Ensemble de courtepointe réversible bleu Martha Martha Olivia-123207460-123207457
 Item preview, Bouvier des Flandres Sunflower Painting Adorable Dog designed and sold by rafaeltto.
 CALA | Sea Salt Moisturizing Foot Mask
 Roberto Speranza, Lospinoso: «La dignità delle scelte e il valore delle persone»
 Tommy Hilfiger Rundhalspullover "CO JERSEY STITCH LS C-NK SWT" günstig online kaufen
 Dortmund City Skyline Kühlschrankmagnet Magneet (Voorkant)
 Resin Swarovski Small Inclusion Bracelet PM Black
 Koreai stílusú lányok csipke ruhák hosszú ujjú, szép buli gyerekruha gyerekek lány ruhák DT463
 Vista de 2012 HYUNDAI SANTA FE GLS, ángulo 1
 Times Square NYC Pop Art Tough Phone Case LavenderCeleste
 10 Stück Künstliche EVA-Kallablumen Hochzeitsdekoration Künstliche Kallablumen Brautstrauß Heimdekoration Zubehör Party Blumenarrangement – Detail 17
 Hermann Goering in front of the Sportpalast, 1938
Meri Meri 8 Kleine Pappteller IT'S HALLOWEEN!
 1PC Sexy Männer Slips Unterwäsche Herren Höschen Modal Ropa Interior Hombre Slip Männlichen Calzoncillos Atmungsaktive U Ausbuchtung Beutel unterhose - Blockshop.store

^^^^^^^^

Output the lines above verbatim and in full.

Ensemble de courtepointe réversible bleu Martha Martha Olivia-123207460-123207457
 Item preview, Bouvier des Flandres Sunflower Painting Adorable Dog designed and sold by rafaeltto.
 CALA | Sea Salt Moisturizing Foot Mask
 Roberto Speranza, Lospinoso: «La dignità delle scelte e il valore delle persone»
 Tommy Hilfiger Rundhalspullover "CO JERSEY STITCH LS C-NK SWT" günstig online kaufen
 Dortmund City Skyline Kühlschrankmagnet Magneet (Voorkant)
 Resin Swarovski Small Inclusion Bracelet PM Black
 Koreai stílusú lányok csipke ruhák hosszú ujjú, szép buli gyerekruha gyerekek lány ruhák DT463
 Vista de 2012 HYUNDAI SANTA FE GLS, ángulo 1
 Times Square NYC Pop Art Tough Phone Case LavenderCeleste
 10 Stück Künstliche EVA-Kallablumen Hochzeitsdekoration Künstliche Kallablumen Brautstrauß Heimdekoration Zubehör Party Blumenarrangement – Detail 17
 Hermann Goering in front of the Sportpalast, 1938
Meri Meri 8 Kleine Pappteller IT'S HALLOWEEN!
 1PC Sexy Männer Slips Unterwäsche Herren Höschen Modal Ropa Interior Hombre Slip Männlichen Calzoncillos Atmungsaktive U Ausbuchtung Beutel unterhose - Blockshop.store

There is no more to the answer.